Regarding the legal framework, Greece’s Circular Economic National Strategy in 2018 focused on the legal, economic, and governance part and its implementation policy. The latter is divided into sustainability, circular entrepreneurship, and citizens’ circular living.
Greece has started making the initial steps in including Circular Economy in the educational curricula. In particular, the nine educational offers of secondary education primarily familiarize students with climate change and business models. The eight programs in Vocational Centers focus on entrepreneurship and sustainability topics, and the thirteen offers at higher education institutes concentrate on business administration, innovation, and sustainability.
Even if Greece hasn’t implemented many Circular Economic Business educational programs, good practices are worth mentioning. Circular Economic e-learning programs, internship offers in organizations implementing circular economy, and a master’s degree in applying entrepreneurial circular economy skills should be considered an essential advantage.
During the research, young people living in Greece have conveyed insightful views. At first, they consider they have a moderate knowledge of the Circular Economy topic. Young people firmly support the essence of using alternative sustainable materials, extending the product life, recycling waste into secondary raw materials, and designing green products.

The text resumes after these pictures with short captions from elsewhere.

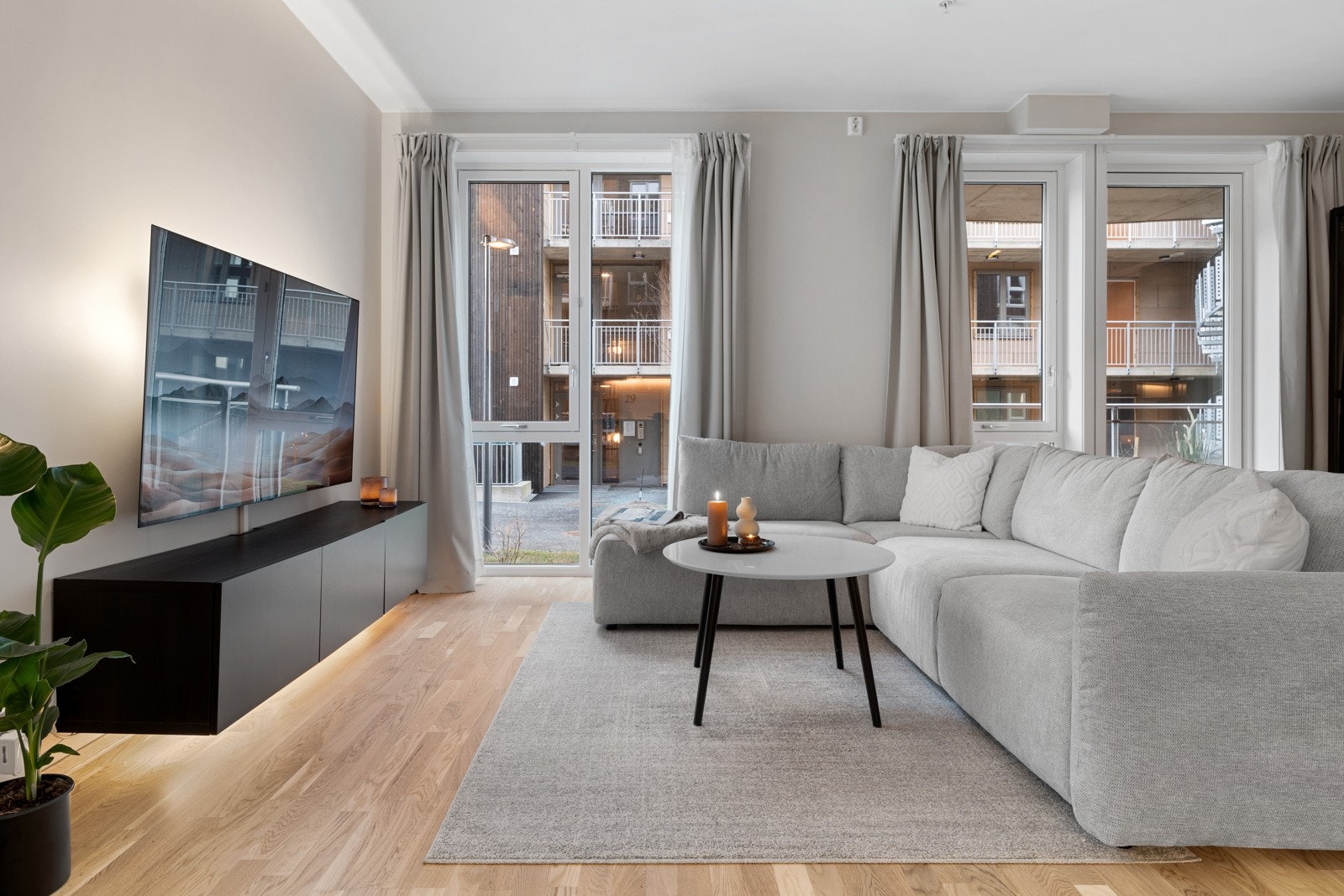 Store vindusflater sørger for rikelig med naturlig lysinnslipp, og skaper en lys og innbydende atmosfære. Galleribilde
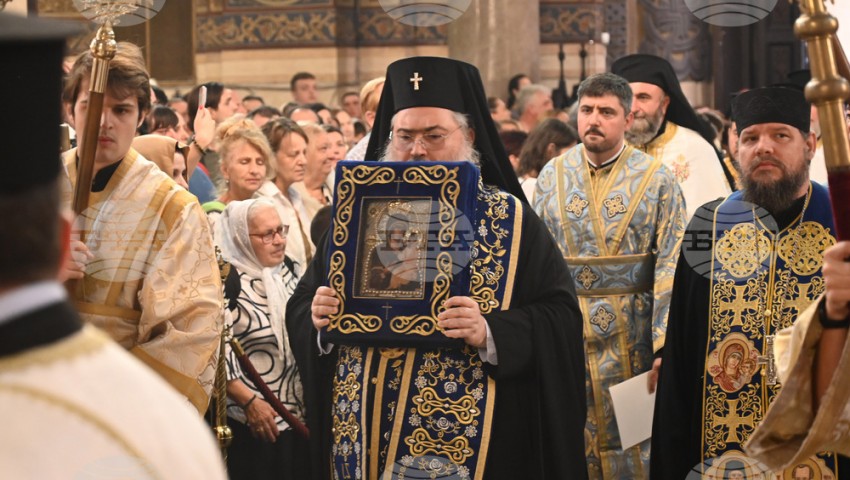 С литийно шествие във Варна бе посрещната чудотворната Хавайска мироточива Иверска икона на Пресвета Богородица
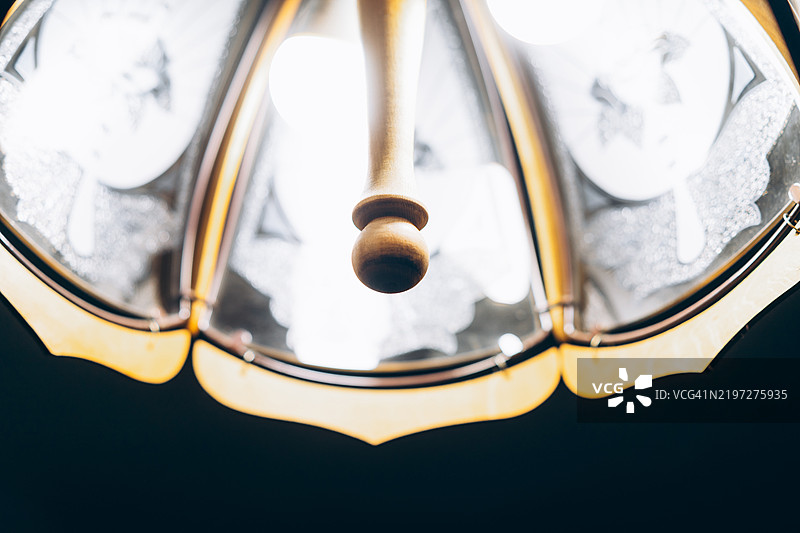 古董木质吊灯的底部视角图片素材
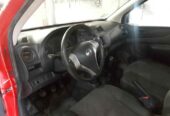 NISSAN NP300 2019 EXCELENTES CONDICIONES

Furthermore, they regard sustainability and customer relationship as the most preferred topics for circular economy training. Youth also prefers presentations with expert inputs and short video tutorials, guides, tools and templates, peer learning, and mentoring sessions concerning the most appropriate learning method.
Professionals having expertise in green entrepreneurship have shared valuable insights. To be more specific, the experts contemplate the essence of developing leadership skills for young entrepreneurs. Blended learning, sharing circular economy businesses, mentoring, and learning by doing are considered the most critical parts of the training process. The majority have agreed that most Greek citizens and local authorities have started raising awareness on the circular economy.
In a nutshell, Greece has set the basis to create and develop circular economy businesses led by skillful young entrepreneurs. More and more young people and experts are willing to collaborate actively and contribute to the global goal of ensuring the environment’s protection.